CONCEPT
"Unplugging Capitalism, Rooting into Reality" is a virtual reality experience powered by the earth itself, using a soil battery to generate energy. When wearing the VR headset, the user undergoes a digital transformation, becoming a tree or plant, fully immersed in an existence free from capitalist demands.
This project serves as a critique of the current economic system, which perceives time in the physical world only in terms of productivity and profit. It questions the notion that human worth is tied to labor and efficiency, offering an alternative mode of existence where simply being is enough.

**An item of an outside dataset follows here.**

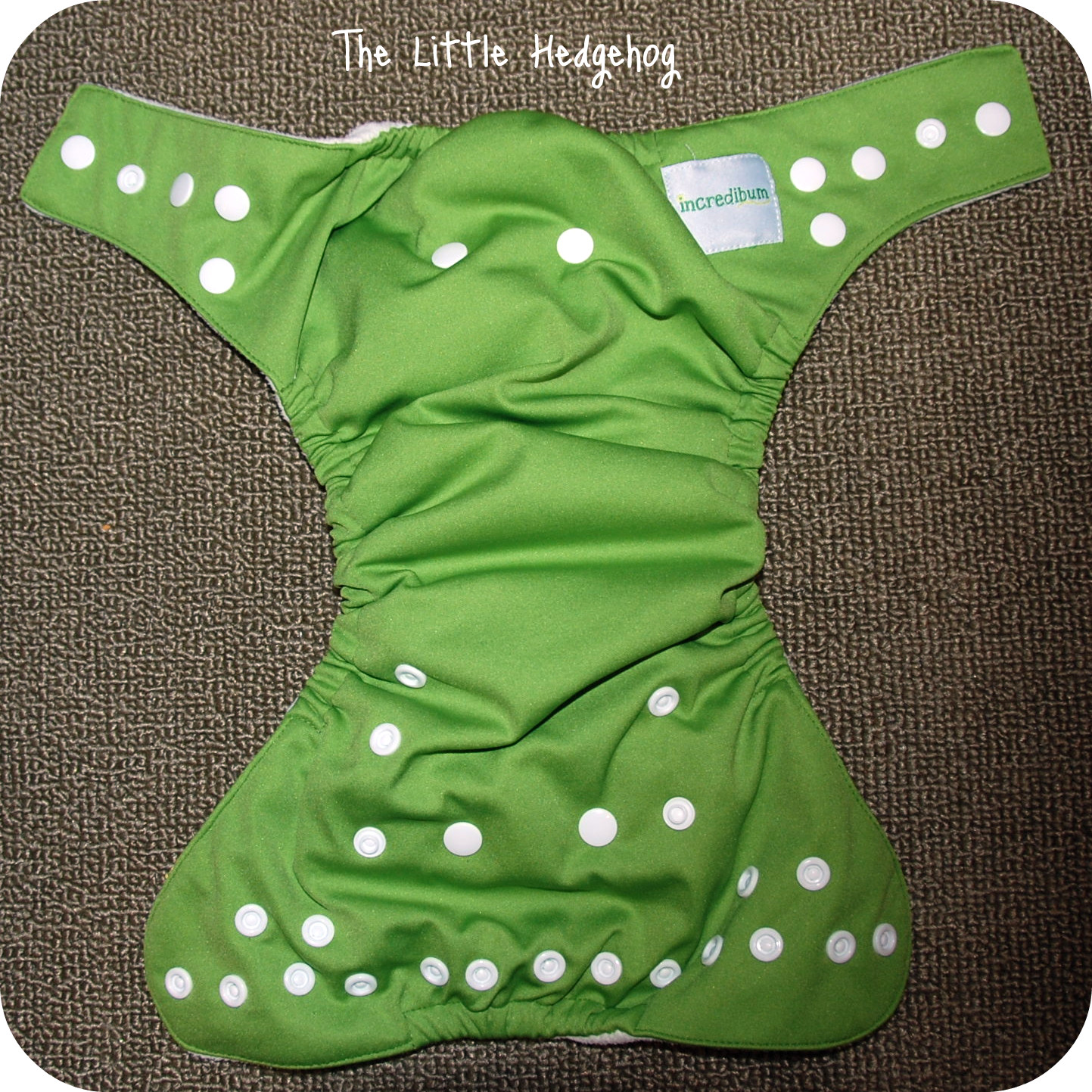 the little hedgehog Incredibum Bamboo Cloth Diaper Review & Giveaway!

If basic needs; food, water, and shelter are met, how do we choose to spend our time? In a world where capitalism has colonized our sense of purpose, "Unplugging Capitalism, Rooting into Reality" invites users to step outside this paradigm. By embracing the perspective of a tree; growing, absorbing energy, and existing in a timeless state, the experience challenges the idea that every moment must be monetized or optimized.

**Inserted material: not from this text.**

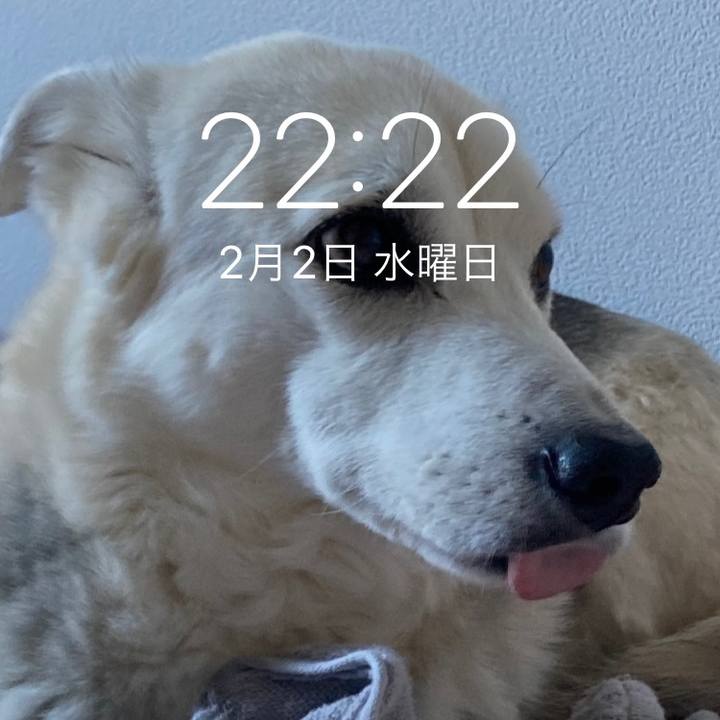 6eb4b3cd 7ea5 402f b105 f666ee39ea00 1643810488819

In this digital yet deeply organic space, the most radical act is to simply exist without the need for constant output. The project blurs the boundaries between technology, nature, and consciousness, proposing an alternative way of relating to time and presence beyond capitalist constraints.
DESCRIPTION
As mentioned, the goal is to create an immersive experience that explores a new way for humans to perceive their surroundings. This project is a VR visual experience powered by soil batteries.

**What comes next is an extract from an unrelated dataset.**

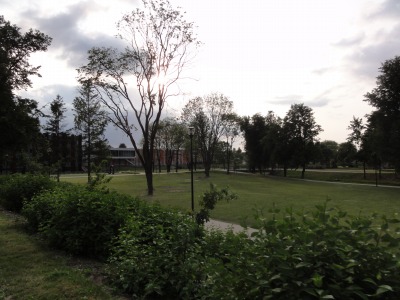 206DSC02702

Of course, it's nearly impossible to power a VR headset with just four soil batteries. Instead, we developed a system where the soil generates a small voltage, just enough to make an LED blink. When the LED blinks, it signals that you can use the headset and immerse yourself in this non-human experience.
The project is compesed in 3 different process:
- Battery soil
- LED blinking
- Head-set
Build a battery from the soils is an immersive challange, the core of it is DIY and Low-tech approach. At the beginning we just use as reference a video found on youtube that explains how to build step by step a battery from soil.
what you need to re-make this at home:
- ice bucket trace
- wire
- soil
- copper
TESTING and EXPERIMENTING
Thanks this video we built our first battery, we measure voltage (4-5 V) and ampere (0.08 A) to see if the battery works correctly. So we did 3 other prototype to understand if it was just a coincidence or there is a scentific methodologies and approach in build that. After this the conclusion was that the battery produced high voltage but low ampere, so basically the energy power (Watt) is to low to charge any kind of device; it's able just to blink a led.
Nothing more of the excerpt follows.